§ **What the exercise asks**: When you reach the line containing "Polly Pocket Bebekler" in the records below, start copying exactly, and stop once you have copied the line containing "Band Purple ACM".

§ **The records**:
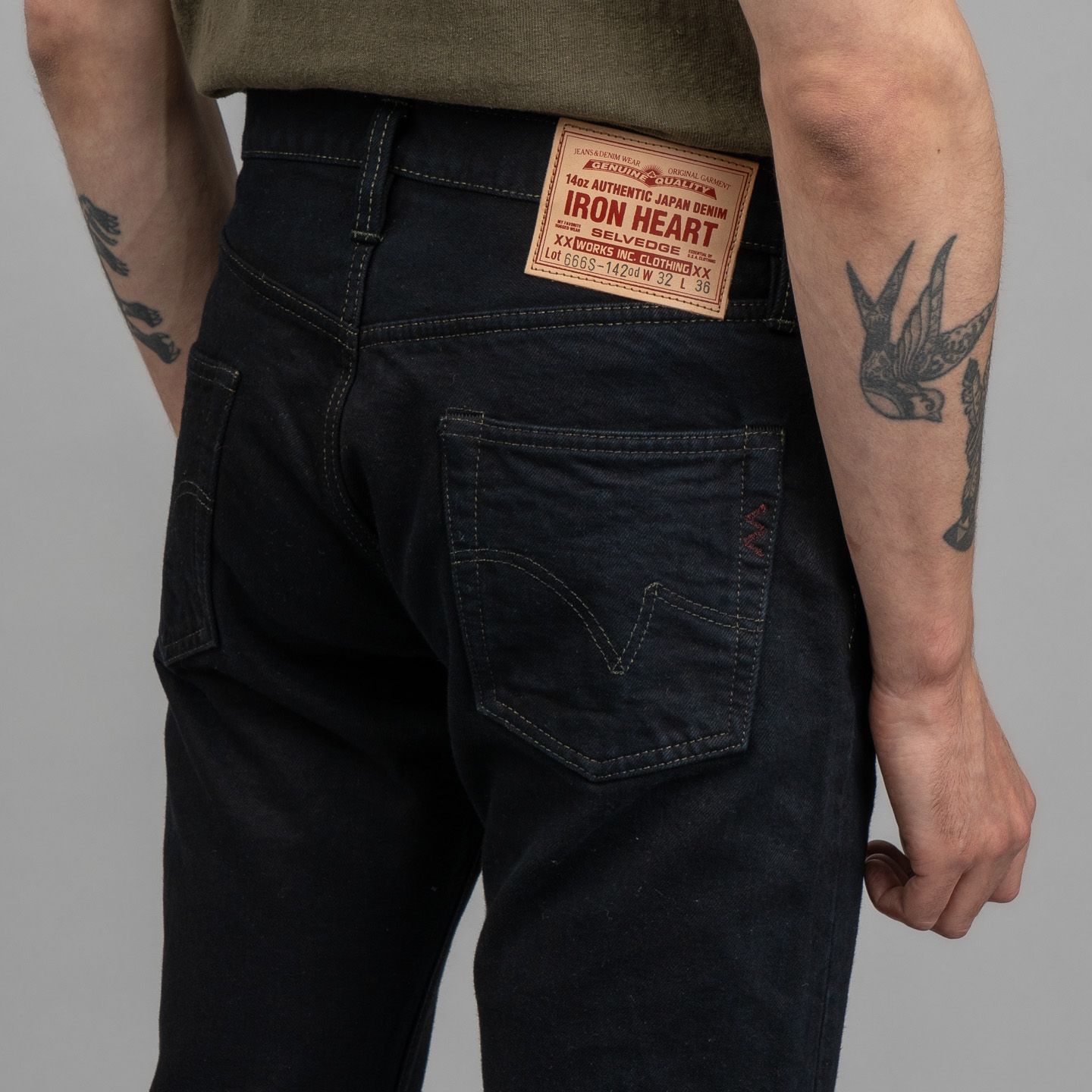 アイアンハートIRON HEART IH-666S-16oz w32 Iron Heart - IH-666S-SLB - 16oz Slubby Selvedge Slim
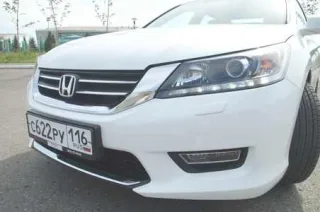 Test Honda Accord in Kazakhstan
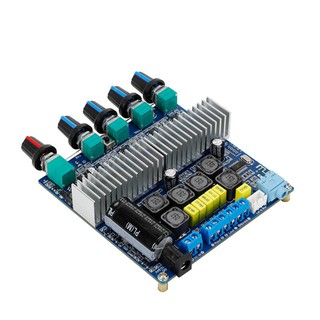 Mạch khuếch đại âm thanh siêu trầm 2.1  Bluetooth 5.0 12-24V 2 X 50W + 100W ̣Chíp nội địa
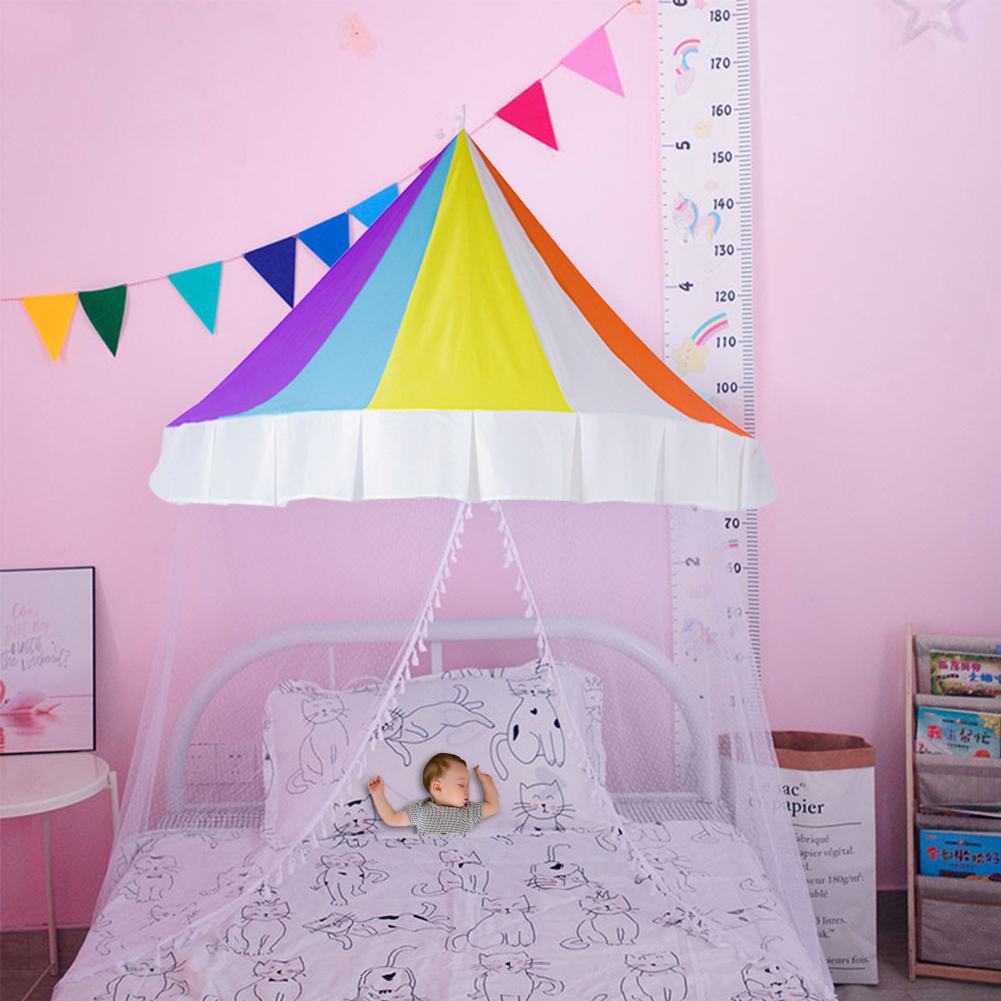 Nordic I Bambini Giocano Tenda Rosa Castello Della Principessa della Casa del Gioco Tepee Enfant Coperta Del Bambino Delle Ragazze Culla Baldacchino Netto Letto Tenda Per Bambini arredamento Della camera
* * *
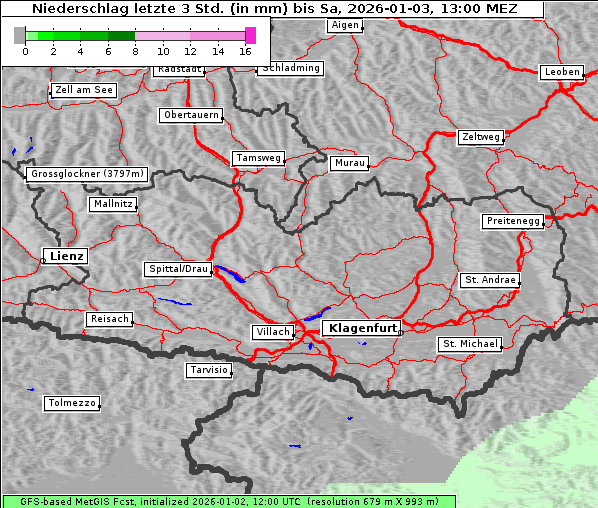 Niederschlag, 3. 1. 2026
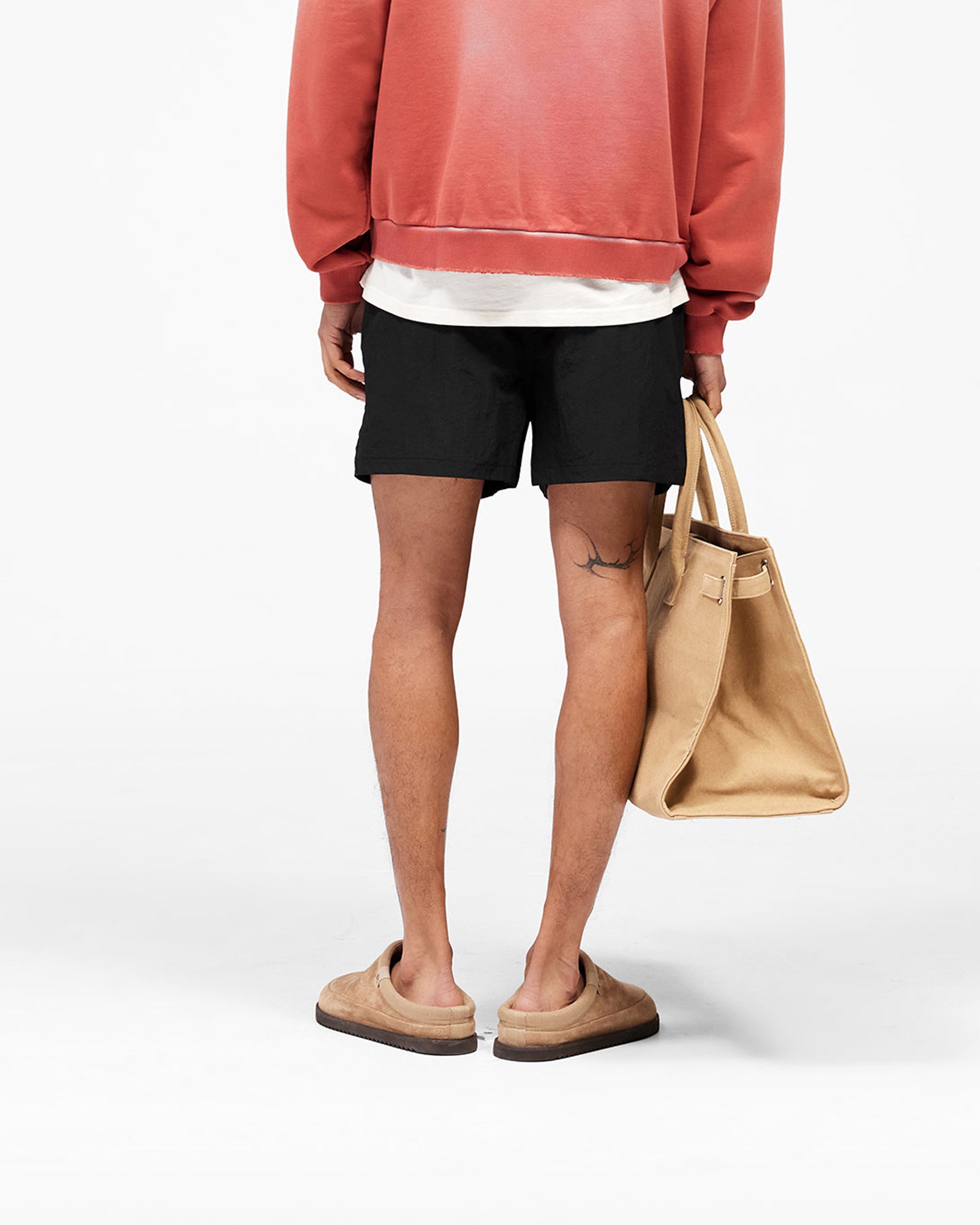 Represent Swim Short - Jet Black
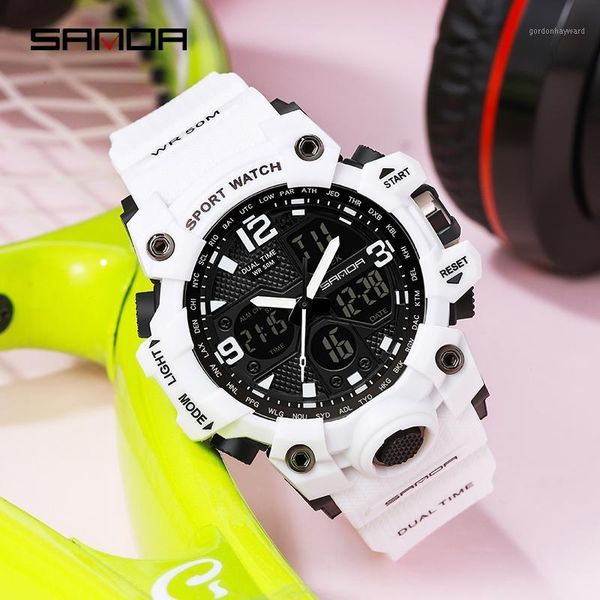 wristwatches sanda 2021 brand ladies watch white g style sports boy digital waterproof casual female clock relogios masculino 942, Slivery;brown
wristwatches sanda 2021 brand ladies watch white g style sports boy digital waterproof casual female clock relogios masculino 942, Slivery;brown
---
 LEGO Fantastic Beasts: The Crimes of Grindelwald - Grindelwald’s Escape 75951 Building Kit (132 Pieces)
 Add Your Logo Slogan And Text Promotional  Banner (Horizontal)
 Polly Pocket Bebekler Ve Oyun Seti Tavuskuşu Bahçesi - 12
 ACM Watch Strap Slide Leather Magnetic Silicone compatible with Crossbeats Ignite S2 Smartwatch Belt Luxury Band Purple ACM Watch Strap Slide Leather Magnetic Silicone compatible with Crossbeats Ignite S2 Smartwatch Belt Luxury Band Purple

§ **Exercise answer**:
 Polly Pocket Bebekler Ve Oyun Seti Tavuskuşu Bahçesi - 12
 ACM Watch Strap Slide Leather Magnetic Silicone compatible with Crossbeats Ignite S2 Smartwatch Belt Luxury Band Purple ACM Watch Strap Slide Leather Magnetic Silicone compatible with Crossbeats Ignite S2 Smartwatch Belt Luxury Band Purple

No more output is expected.